The Agent Tesla malware is among the most popular tools used by hackers in order to launch global phishing campaigns. The analysis shows that the CVE-2017-11882 vulnerability is being used in combination with malware documents in order to lead to the initial payload file.
Agent Tesla Malware Delivered Via CVE-2017-11882 Vulnerability, Leads To Global Phishing Campaigns
Computer hackers have been found to use the Agent Tesla malware which in its most base form is a keylogger using infected documents. The criminal collective is using phishing strategies in order to distribute the files. The technique in question relies on creating files in the most popular document formats an embedding inside them. The Agent Tesla malware can be acquired from the hacker underground markets in a subscription package allowing the hackers to customize and edit important parameters in accordance with the prescribed target users.
Criminal collectives have been found to do so by leveraging a vulnerability tracked in the CVE-2017-11882 advisory. This is a bug in the equation editor that is aprt of the Office programs used to view the documents. When these files are opened by the users and if their programs are not updated properly the applications will download a remote file and execute it. This is the first-stage downloader which will lead to the Agent Tesla infection.
The Agent Tesla malware exhibits features features that are very similar to some popular Trojans including the ability to enable constant surveillance of the victims. This is done by probing the system for any devices such as microphones and webcams.
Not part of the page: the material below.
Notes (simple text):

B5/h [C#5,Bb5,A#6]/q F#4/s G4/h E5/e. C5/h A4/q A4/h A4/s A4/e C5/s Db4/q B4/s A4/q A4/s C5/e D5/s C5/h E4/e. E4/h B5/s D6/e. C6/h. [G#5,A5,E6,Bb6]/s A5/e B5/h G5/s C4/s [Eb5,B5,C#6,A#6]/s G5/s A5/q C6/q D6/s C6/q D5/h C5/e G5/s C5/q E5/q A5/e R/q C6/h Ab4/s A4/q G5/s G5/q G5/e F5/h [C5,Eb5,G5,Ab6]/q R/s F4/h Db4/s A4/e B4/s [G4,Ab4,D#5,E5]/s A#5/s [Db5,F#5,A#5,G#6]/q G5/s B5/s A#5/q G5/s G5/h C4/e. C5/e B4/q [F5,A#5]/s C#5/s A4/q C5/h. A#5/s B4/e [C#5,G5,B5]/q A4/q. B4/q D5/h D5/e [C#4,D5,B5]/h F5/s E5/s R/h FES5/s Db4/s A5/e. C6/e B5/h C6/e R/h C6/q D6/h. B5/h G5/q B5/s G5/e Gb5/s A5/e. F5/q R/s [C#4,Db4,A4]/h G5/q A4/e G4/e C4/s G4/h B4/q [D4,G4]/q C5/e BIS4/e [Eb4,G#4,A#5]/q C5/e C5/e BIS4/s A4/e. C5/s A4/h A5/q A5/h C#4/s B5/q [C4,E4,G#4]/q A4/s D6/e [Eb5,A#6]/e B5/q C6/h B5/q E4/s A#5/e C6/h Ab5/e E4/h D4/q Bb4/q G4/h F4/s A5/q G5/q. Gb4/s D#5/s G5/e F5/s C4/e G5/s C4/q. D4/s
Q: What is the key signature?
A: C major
This will allow the main engine to take screenshots, record video and audio and also spy on the activities of the users in real-time. All data will be recorded and transmitted to the hackers using the made persistent connection.
Agent Tesla however has been found to exhibit an unusual technique – it will use an email address that will communicate commands and receive data. The engine will use built-in mechanisms in order to send out the required information. This also includes the use of different protocols – their use will likely bypass firewalls and intrusion detection systems.